Another major issue with this acquisition is that it enables the combined entity to collect even more patient data and constrict its availability and use. CVS CEO Larry Merlo stated, “By integrating data across our enterprise assets and through the use of predictive analytics, we will create targeted interactions with patients to promote healthy behaviors and drive adherence, and this will further improve the quality of care for patients while also resulting in healthier outcomes.”  Mr. Merlo fails to acknowledge that the data the company integrates, uses for its benefit and sells for its profit is their customers’ data — to which the company claims ownership and restricts for others’ use. After the CVS-Aetna deal closes, restrictive data hoarding will stifle potential health benefits and further limit innovation opportunities.

Just a few weeks ago, another headline about an alliance forming to control rising costs captured our attention. Intermountain Healthcare, Ascension, SSM Health and Trinity Health announced they are joining forces to create a new generics drug company.

Again, on paper, the announcement seems like it could help control costs and benefit consumers.
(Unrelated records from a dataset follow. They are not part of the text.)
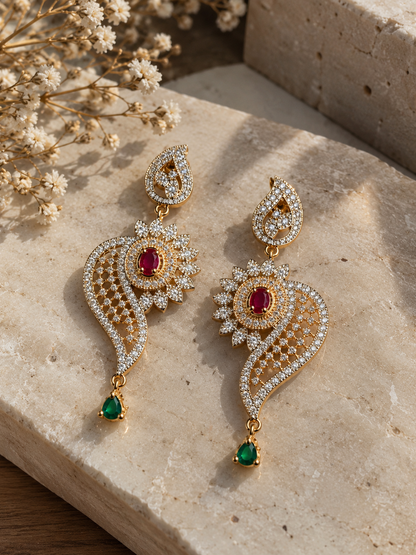 Royal Ruby Paisley Drop Earrings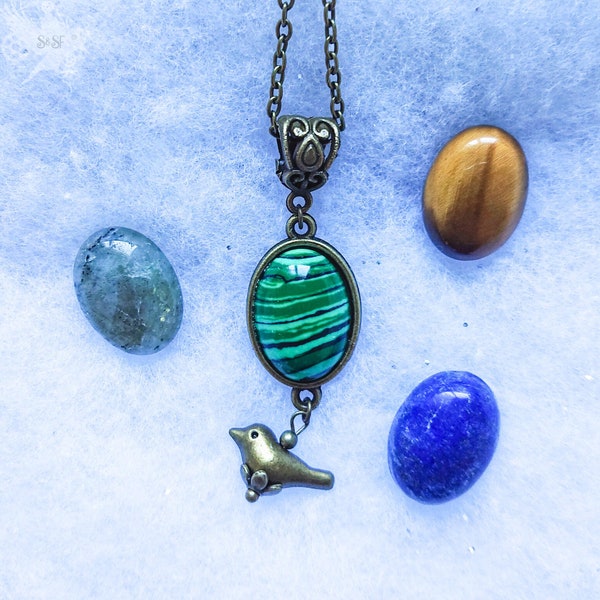 Pendentif - Bird song- oiseau et cabochon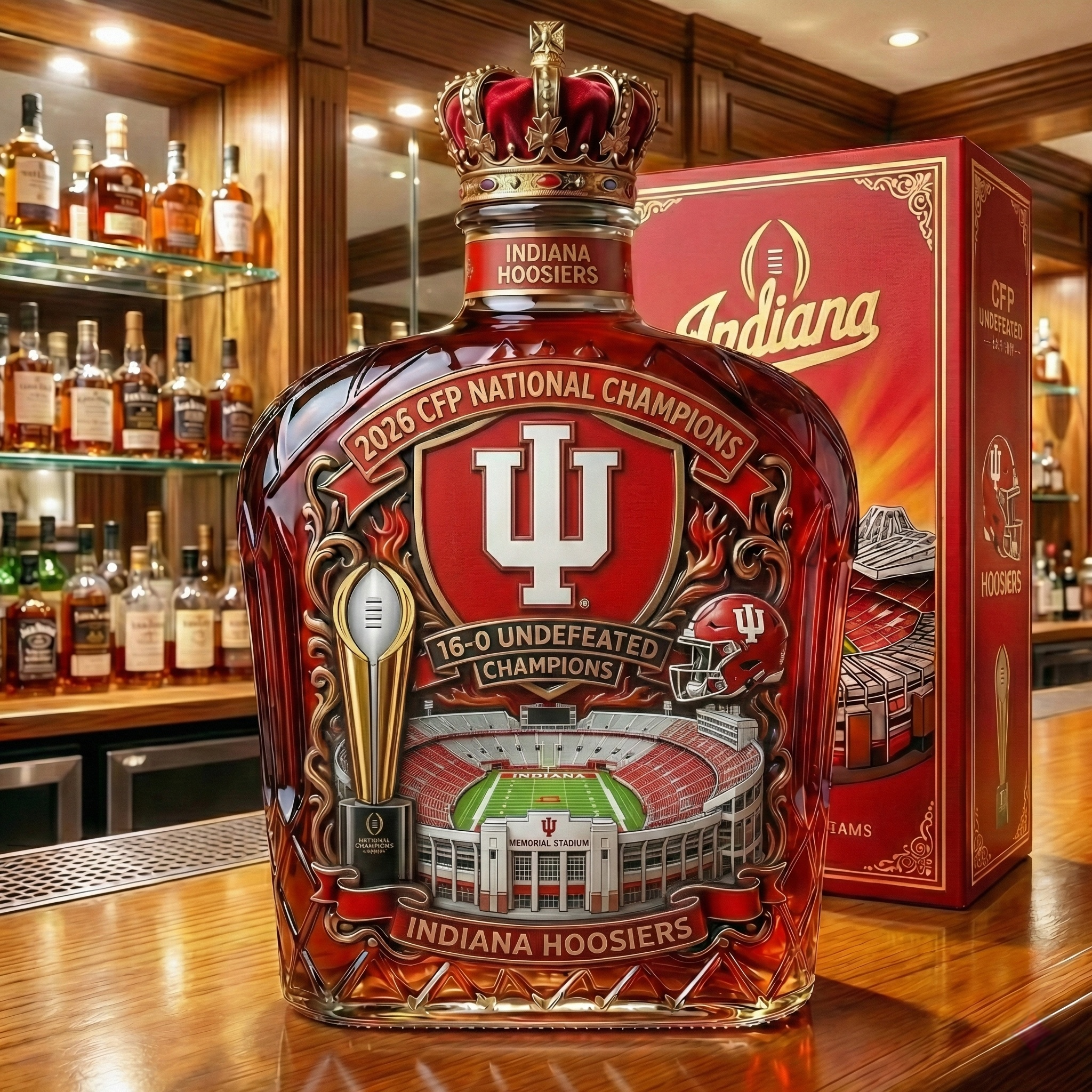 Indiana Hoosiers 2026 CFP National Champions Commemorative Whisky Bottle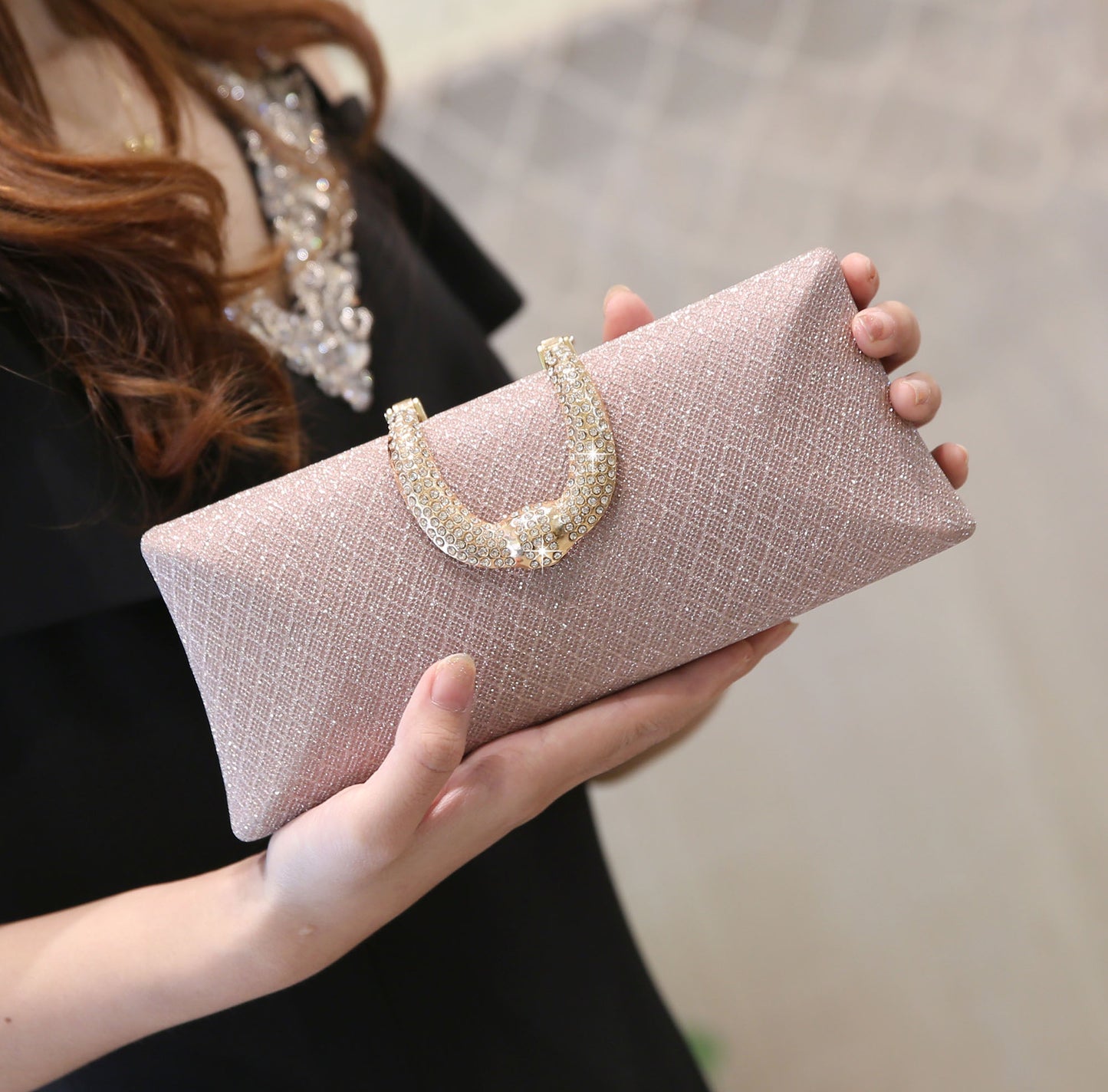 Plaid Thin Glittering Clutch Fashion Banquet Dress Dinner Bag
But taking a closer look at the match, the marketing value to the hospital chains has already vastly exceeded the cost reduction of the generic drugs in question as well as the pressure this places on big pharma by at least three or four orders of magnitude. Big Pharma isn’t in the generics business.

As egregious as the examples are that we keep talking about with Valeant and Turing, those are rounding errors in aggregate compared to the global sales of just one brand drug, Humira, which brought in $14 billion last year, alone.

Big Pharma is laughing all the way to the bank as the press keeps writing about how big a deal this is and how four hospital chains are going to change the landscape. These large monopolistic systems get the great publicity as they try to lay claim to the moral high ground. More importantly, we have, yet again, given providers of services (a.k.a hospital systems) who already have the reputation for marking up medicine such as Tylenol the power to mark up these new generics they will manufacture.

The most important announcement of the past few days is the one from Amazon, Berkshire-Hathaway and JP Morgan. While there are few concrete details, the message from the top is clear that these companies have decided to take matters into their own hands to control costs as all the intermediaries they have relied on haven’t delivered.

As those who represent consumers, benefits professionals have a crucial role to play as we continue to learn about more mergers, acquisitions and large alliances. As such, there are three things each of us as HR benefits professionals can do to help tame the M&A beast.

First, insist on transparency. This starts by making sure intermediaries (insurers and PBMs) never control supplier performance data. You should have the right to see whatever data you need about your suppliers — just as you would in any other industry. Stop working with intermediaries and suppliers that restrict or refuse to provide data. You should also require intermediaries to provide all supplier contracts they have in place. Trust, but verify.

See also: The PBM vs. the Drug Manufacturer  

Second, require your suppliers to pick a side — yours, or theirs, but not in between. You, not an intermediary, should be able to choose who provides services to you. You should never be penalized for choosing a supplier that isn’t your intermediary’s preferred choice.

Third, demand independence. Intermediaries must represent the company and customer interests. There’s an obvious conflict of interest when an intermediary also represents a seller of goods that constitutes a significant source of the intermediary’s revenue. Stop doing business with intermediaries who have such conflicts.

Congratulations to all the CVS and Aetna stockholders out there; there’s a big payday headed your way. Because one person’s profit is another person’s cost, expect the price of health care to increase in this brave new world.

However, in the long run, the rest of us are going to bet on the new Amazon/Berkshire-Hathaway/JP Morgan model from Bezos, Buffett and Dimon to lead the charge of purchasers taking control of their own destinies.

Pursuing Purpose? Or Just Propaganda?

U.S. pharmacy chain CVS recently announced that it would no longer use “materially altered” imagery to market beauty products in its stores.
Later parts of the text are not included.